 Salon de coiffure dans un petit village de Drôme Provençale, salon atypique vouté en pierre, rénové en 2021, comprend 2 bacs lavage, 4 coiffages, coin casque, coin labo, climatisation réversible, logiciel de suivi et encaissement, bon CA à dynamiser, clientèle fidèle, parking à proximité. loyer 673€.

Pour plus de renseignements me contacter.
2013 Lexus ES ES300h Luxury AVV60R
...
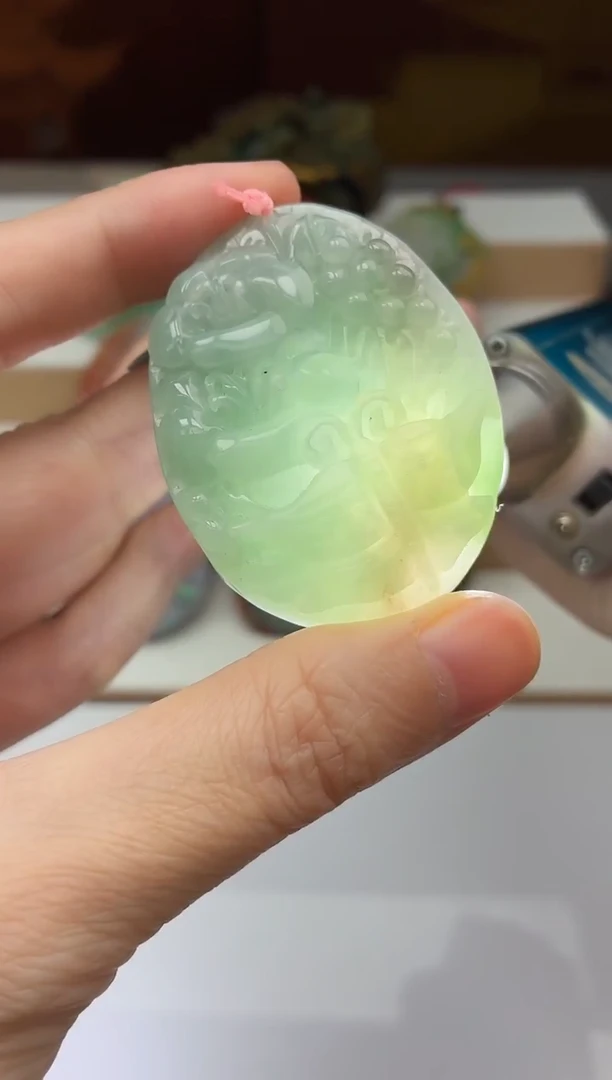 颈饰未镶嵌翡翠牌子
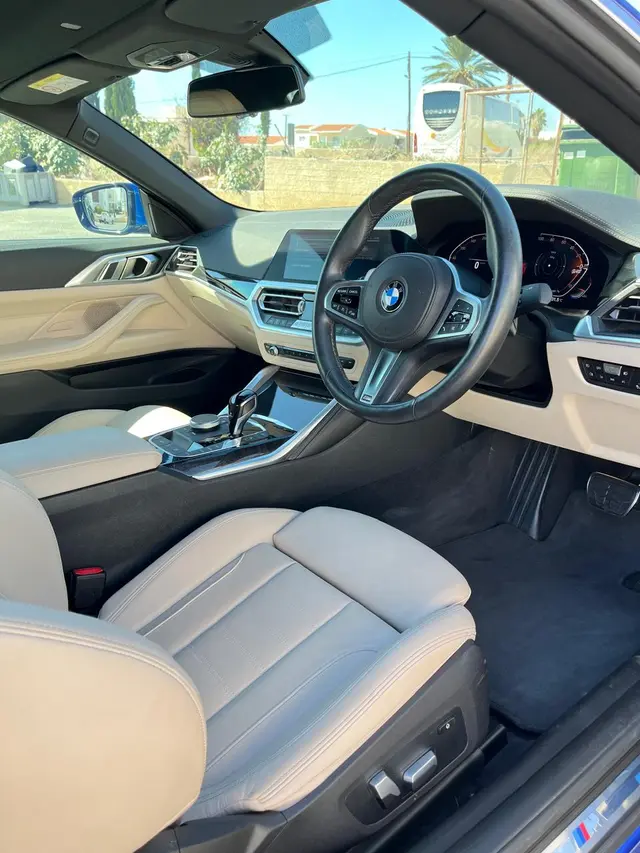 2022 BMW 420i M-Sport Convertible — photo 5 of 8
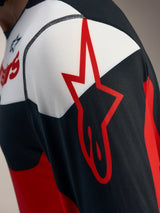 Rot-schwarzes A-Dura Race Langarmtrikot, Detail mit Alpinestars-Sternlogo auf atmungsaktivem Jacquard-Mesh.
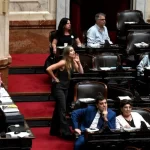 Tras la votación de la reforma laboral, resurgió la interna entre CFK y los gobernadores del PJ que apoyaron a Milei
...
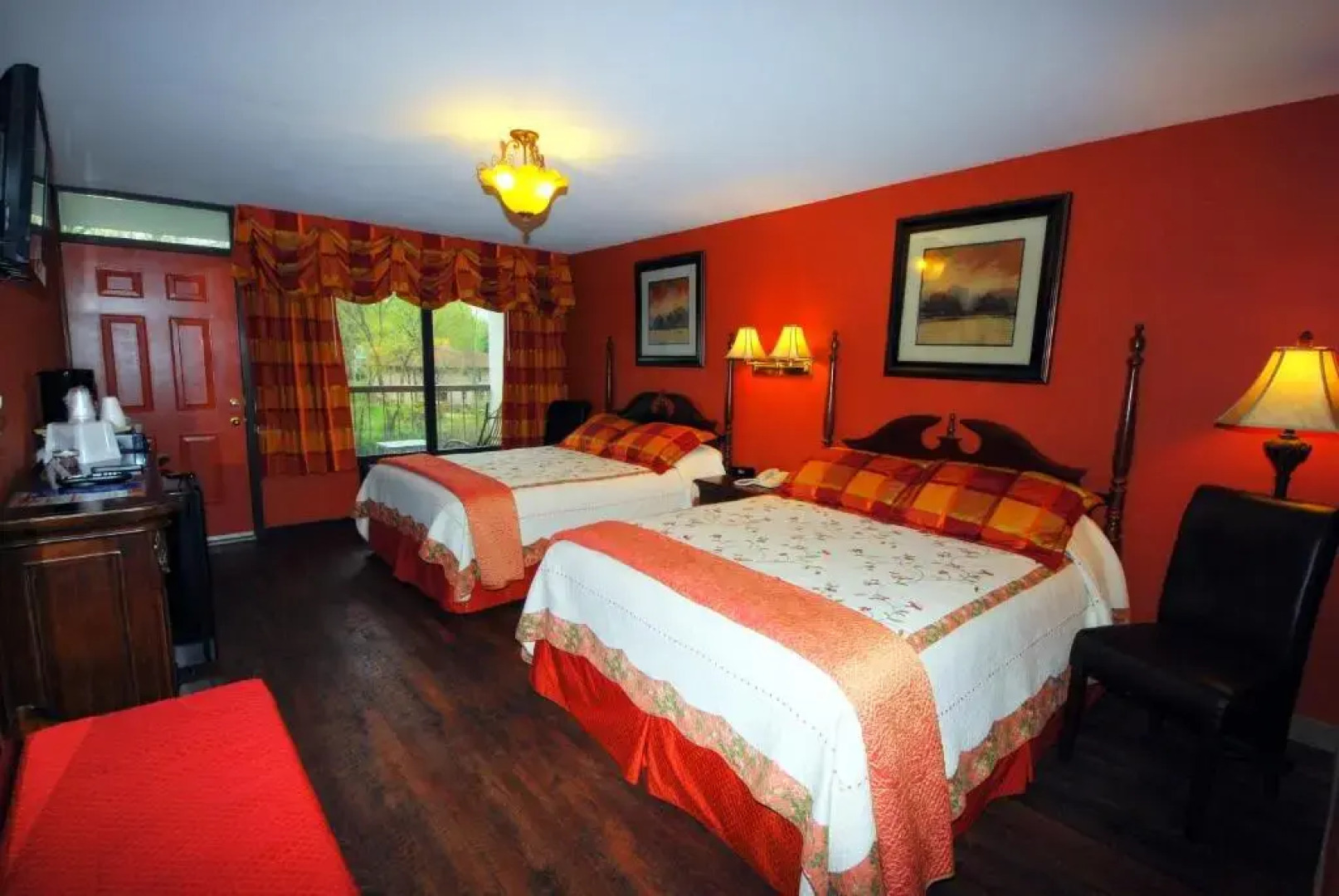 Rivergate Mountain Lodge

TASK PROMPT - Using the records above, write out exactly the lines between the one holding "Salon de coiffure" and the one holding "2013 Lexus ES ES300h Luxury AVV60R", inclusive; leave everything else out.

EXERCISE SOLUTION -
 Salon de coiffure dans un petit village de Drôme Provençale, salon atypique vouté en pierre, rénové en 2021, comprend 2 bacs lavage, 4 coiffages, coin casque, coin labo, climatisation réversible, logiciel de suivi et encaissement, bon CA à dynamiser, clientèle fidèle, parking à proximité. loyer 673€.

Pour plus de renseignements me contacter.
2013 Lexus ES ES300h Luxury AVV60R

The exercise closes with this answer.